═══ EXTRACTED MATERIAL ═══
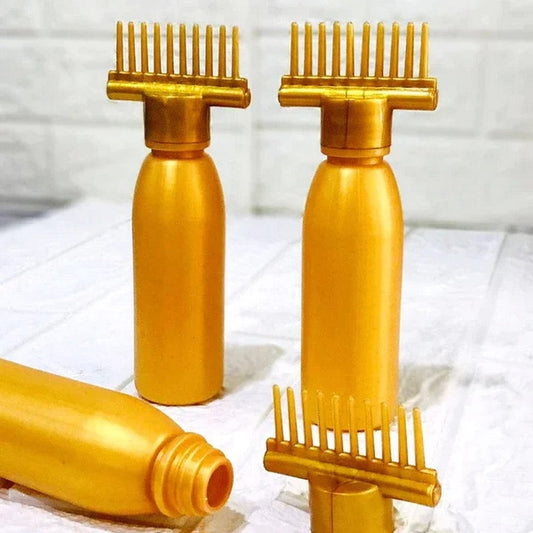 Yellow Hair Oil Comb Bottle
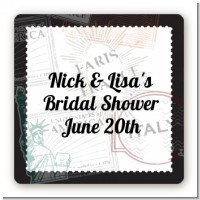 Passport - Square Personalized Bridal Shower Sticker Labels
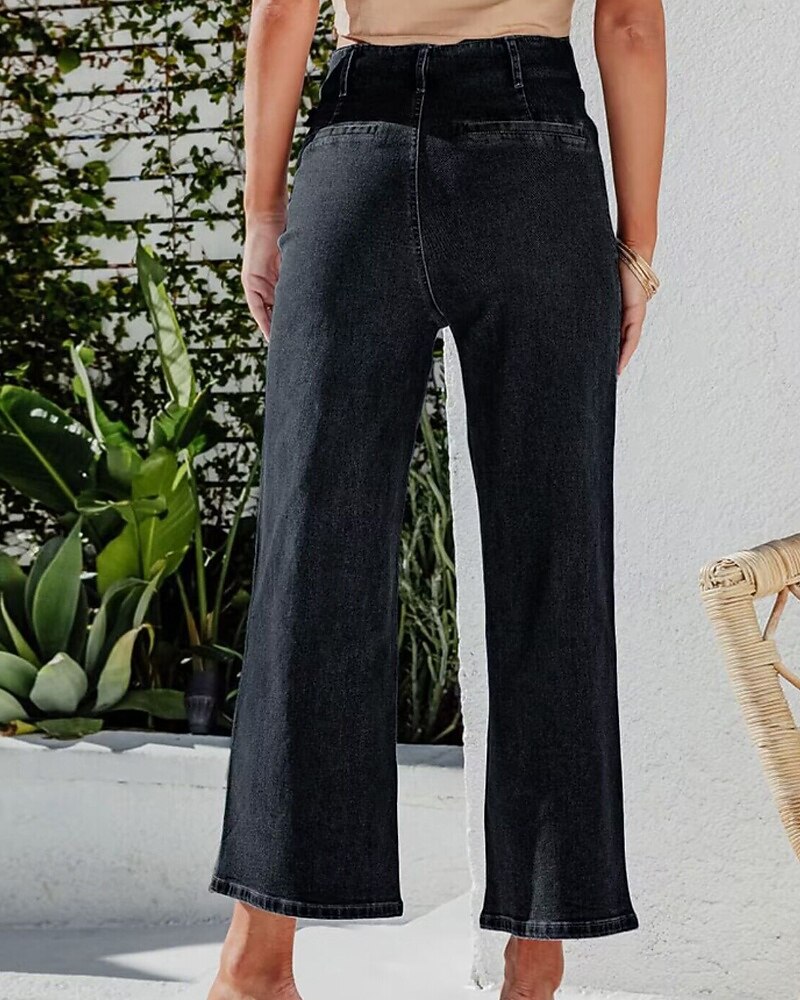 Per donna Jeans Chinos Dritto Streetwear Casual Lunghezza intera Vita media Semplice Tasca Elastico in vita Confortevole Micro-elastico All'aperto Vacanza Quotidiano Nero Blu Blu chiaro Autunno del 2025 a $32.99 –P8
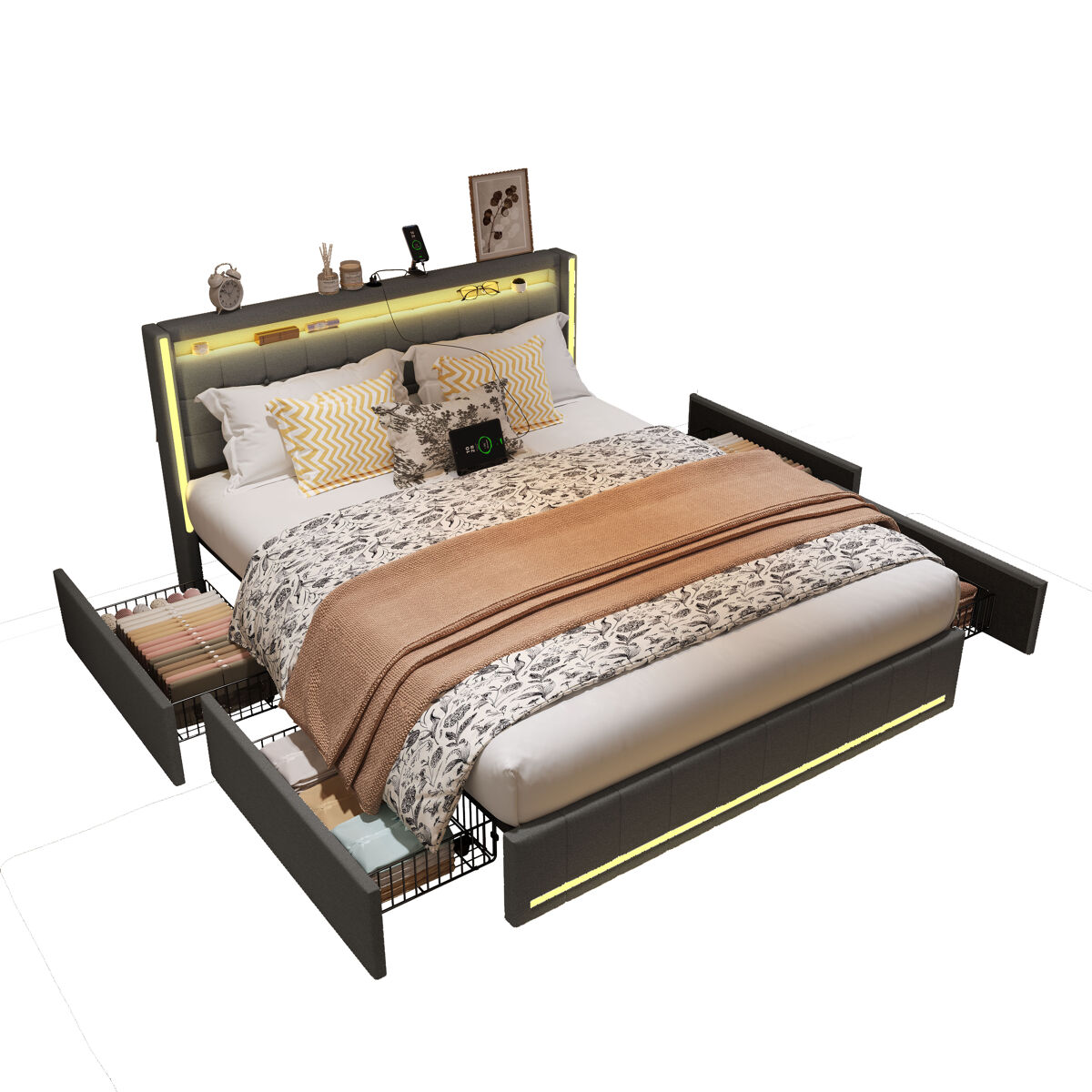 Cama 180x200 cm com gavetas - linho cinza escuro - led regulável - portas usb & type-c - 4 grandes gavetas de arrumação
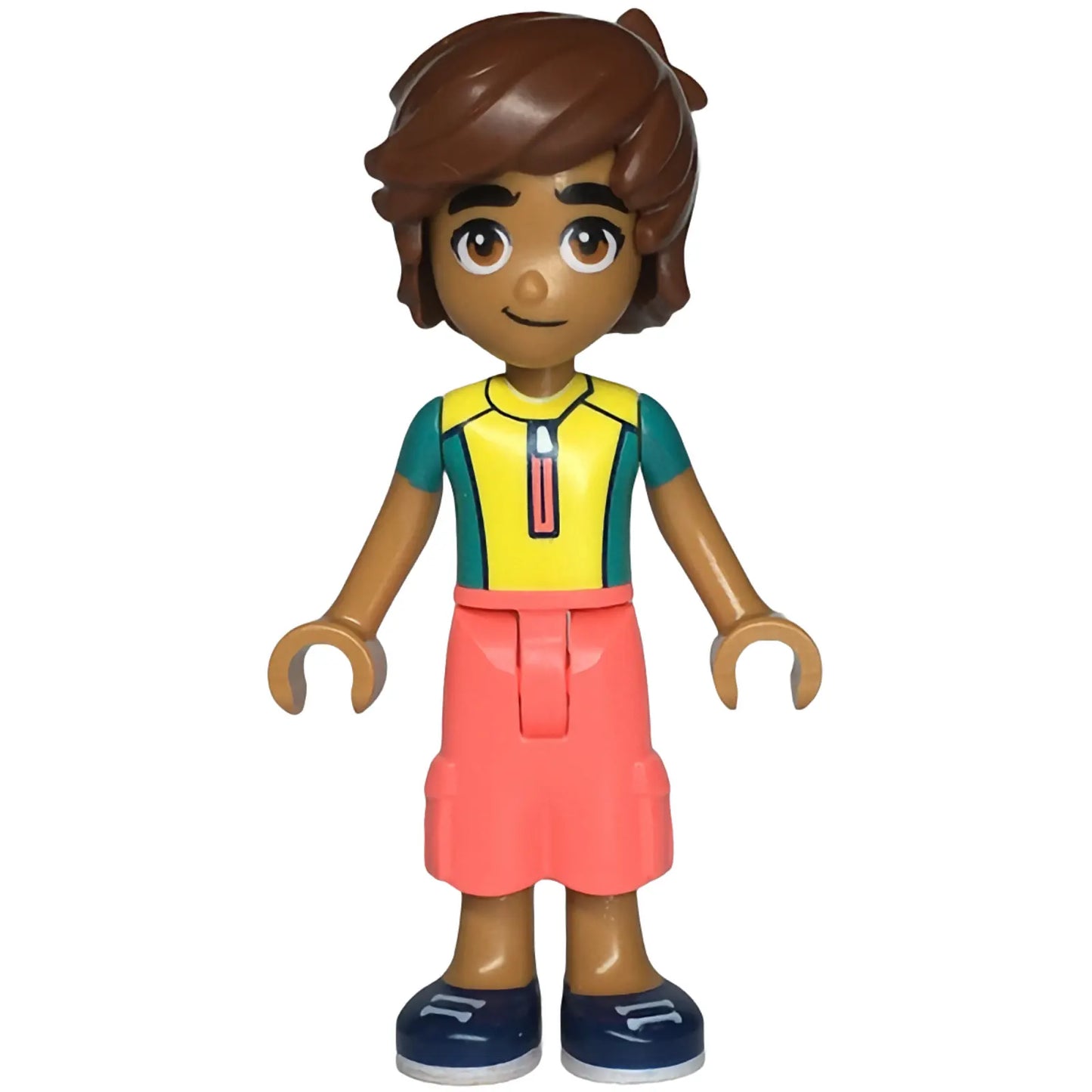 Minifig frnd654 - Friends Leo - Dark Turquoise and Yellow Wetsuit, Coral Trousers Cropped Large Pockets, Medium Nougat Legs, Dark Blue Shoes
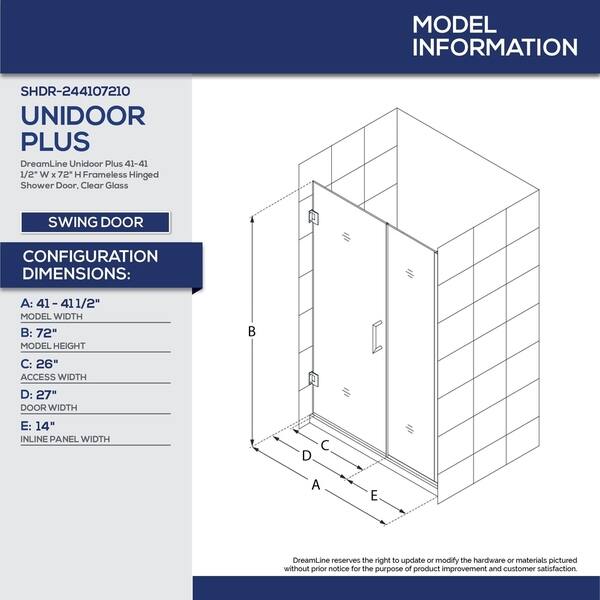 Shop Dreamline Unidoor Plus 41 41 1 2 In W X 72 In H Frameless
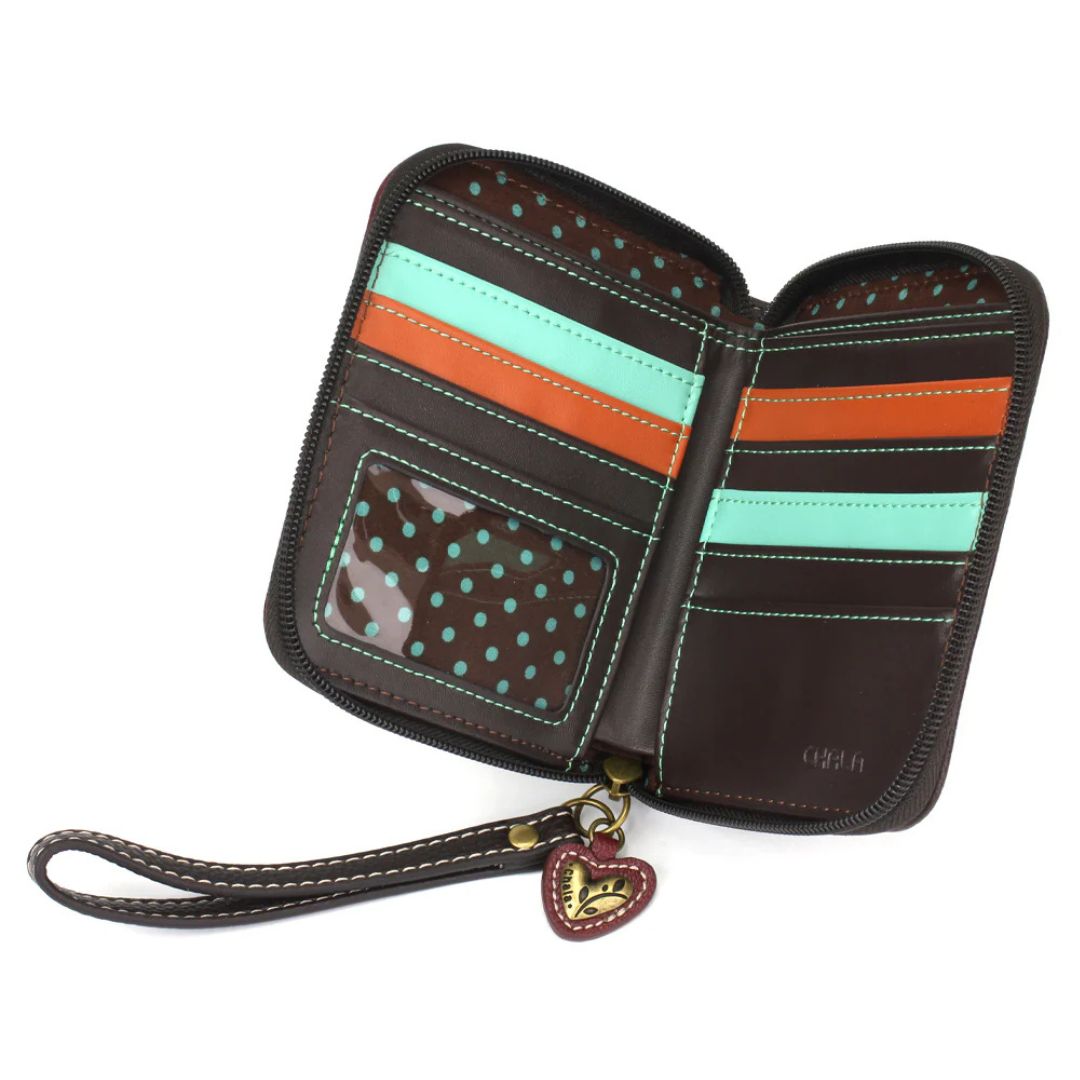 CHALA ZIP AROUND WALLET CROSS - MAROON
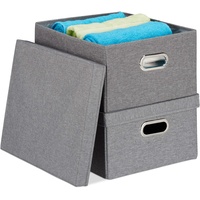 Relaxdays Aufbewahrungsbox mit Deckel, 2er Set,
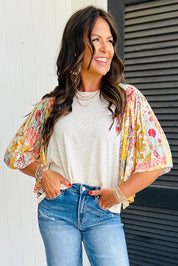 Floral Patchwork Quarter Sleeve Top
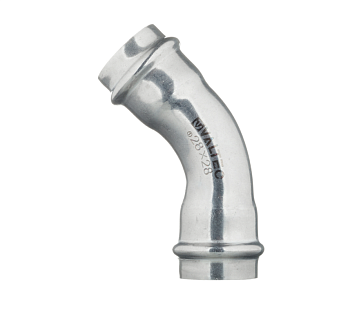 Угольник -пресс 45гр. в/в нер. сталь 28 мм Valtec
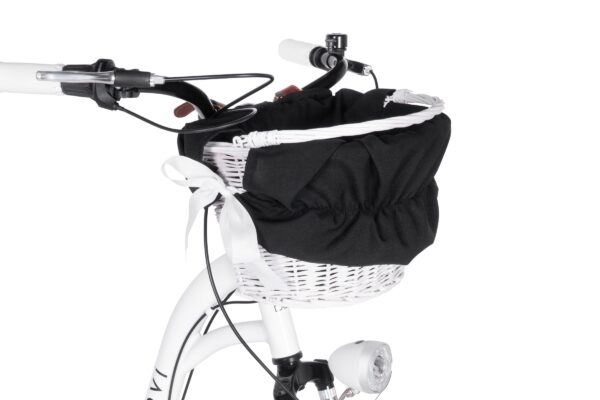 Vit cykelkorg med svart tygöverdrag och belysning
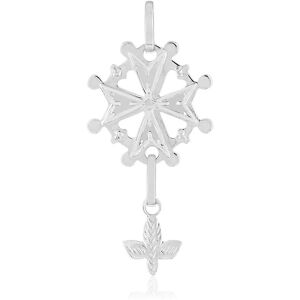 Pendentif croix huguenotte or blanc 750- MATY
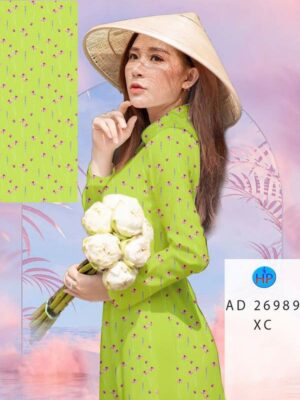 Vải Áo Dài Hoa In 3D AD 26989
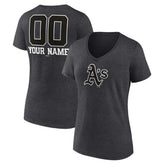 Athletics Women's Personalized Monochrome Name & Number V-Neck T-Shirt - Charcoal - MLB Lifestyle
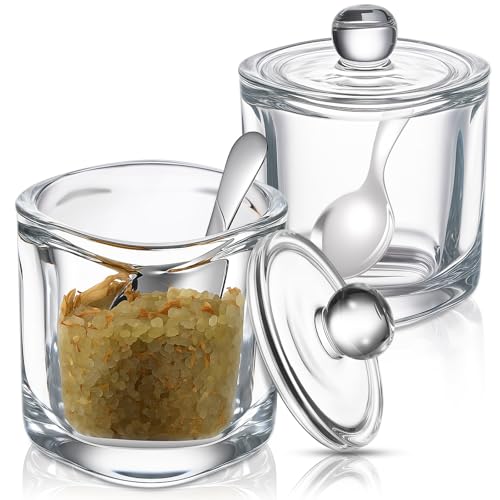 Reallnaive 2 Pack Glass Salt Cellar with Lid and Spoon, 8.7 oz, Clear | Storage Container, Wide Opening, Heavy Bottom, Dishwasher Safe, for Countertop Salt, Sugar, Pepper, and Spice Storage - color: White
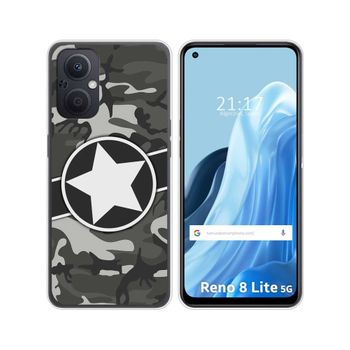 Funda Silicona Para Oppo Reno 8 Lite 5g Diseño Camuflaje 02 Dibujos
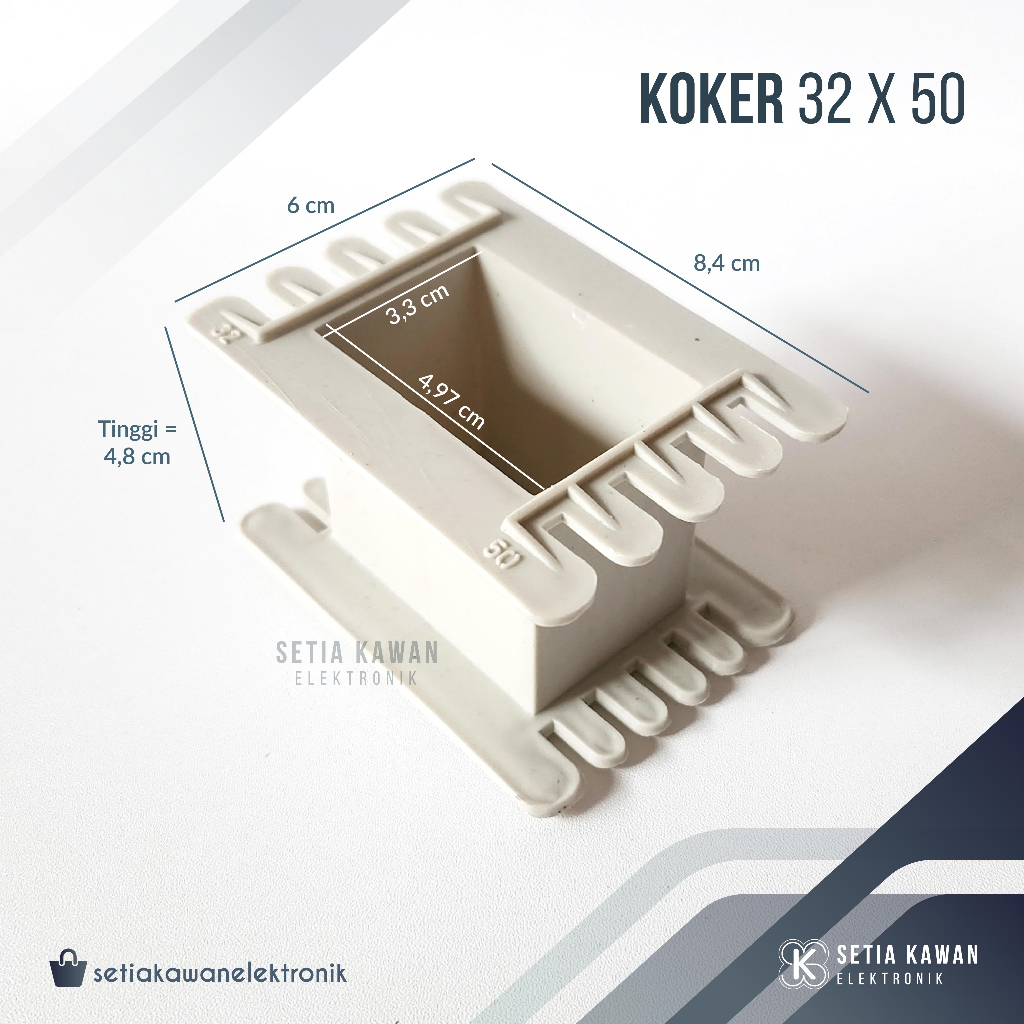 Koker Trafo Kotak 32x50 / Bobin Bobbin Dudukan Besi Plat Keren Kern Travo Tahan Panas Bahan Plastik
═══
§ WHAT YOU NEED TO DO: A word-for-word copy of the lines from the one with "Shop Dreamline Unidoor" through the last line of the data above is required, with both end lines included and no pictures.

§ ANSWER FOR THE TASK:
 Shop Dreamline Unidoor Plus 41 41 1 2 In W X 72 In H Frameless
 CHALA ZIP AROUND WALLET CROSS - MAROON
 Relaxdays Aufbewahrungsbox mit Deckel, 2er Set,
 Floral Patchwork Quarter Sleeve Top
 Угольник -пресс 45гр. в/в нер. сталь 28 мм Valtec
 Vit cykelkorg med svart tygöverdrag och belysning
 Pendentif croix huguenotte or blanc 750- MATY
 Vải Áo Dài Hoa In 3D AD 26989
 Athletics Women's Personalized Monochrome Name & Number V-Neck T-Shirt - Charcoal - MLB Lifestyle
 Reallnaive 2 Pack Glass Salt Cellar with Lid and Spoon, 8.7 oz, Clear | Storage Container, Wide Opening, Heavy Bottom, Dishwasher Safe, for Countertop Salt, Sugar, Pepper, and Spice Storage - color: White
 Funda Silicona Para Oppo Reno 8 Lite 5g Diseño Camuflaje 02 Dibujos
 Koker Trafo Kotak 32x50 / Bobin Bobbin Dudukan Besi Plat Keren Kern Travo Tahan Panas Bahan Plastik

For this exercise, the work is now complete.